Irische Folkmusik zum Abschluss

Musikalisch wurde es in den zwei folgenden Beiträgen. Stefan Chladek, 2009 erstmals mit der Gitarre in Berührung gekommen und seitdem der Musik verfallen, gab eine Kostprobe von seinem Können mit drei verschiedenen Liedern, die in zwei Fällen einen österreichischen „Touch“ hatten. Chladek hatte lustige und ernste Lieder mitgebracht, die er abwechselnd vortrug. An der Gitarre war auch Daniel Schmidt aus Fehlheim vertreten. Er ist Teil des Trios „Imagine More“, dass die Zuhörer in die Welt der irischen Musik entführte. Neben Schmidt besteht die Band aus Nele Rawen und Birgit Dette. Rawen spielt die Blockflöte, Dette die Geige. In Kombination entstand ein äußerst harmonisches und schön anzuhörendes Zusammenspiel und das, „obwohl wir uns nur gelegentlich mal treffen“, wie Schmidt halb im Scherz anmerkte. Rawen und Dette füllten für einen kurzen Moment die Worte Wagners vom Beginn des Abends mit ganz besonders viel Hingabe, als sie jeweils ein kurzes Solo auf ihren Instrumenten spielten. Es war der stimmungsvolle Abschluss dieses Abends.
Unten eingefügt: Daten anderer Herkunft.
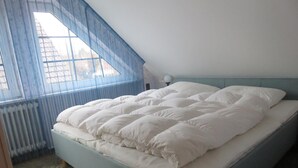 A bedroom with a bed, a window with blue curtains, a radiator, and a lamp on a bedside table.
Dieter Wagners Dank richtete sich an Publikum, Organisation und Technik und natürlich an die Künstler. „Diese Magie entsteht hier auf der Bühne, wenn Künstlerinnen und Künstler in welcher Form auch immer ihren Mut und ihr Herz packen und sich hier auf diese Bühne bewegen.“ Oder um es in der Sprache des Fußballs zu formulieren: Manchmal entfaltet ein Kreisliga-Spiel mehr Magie als ein Bundesliga-Spiel.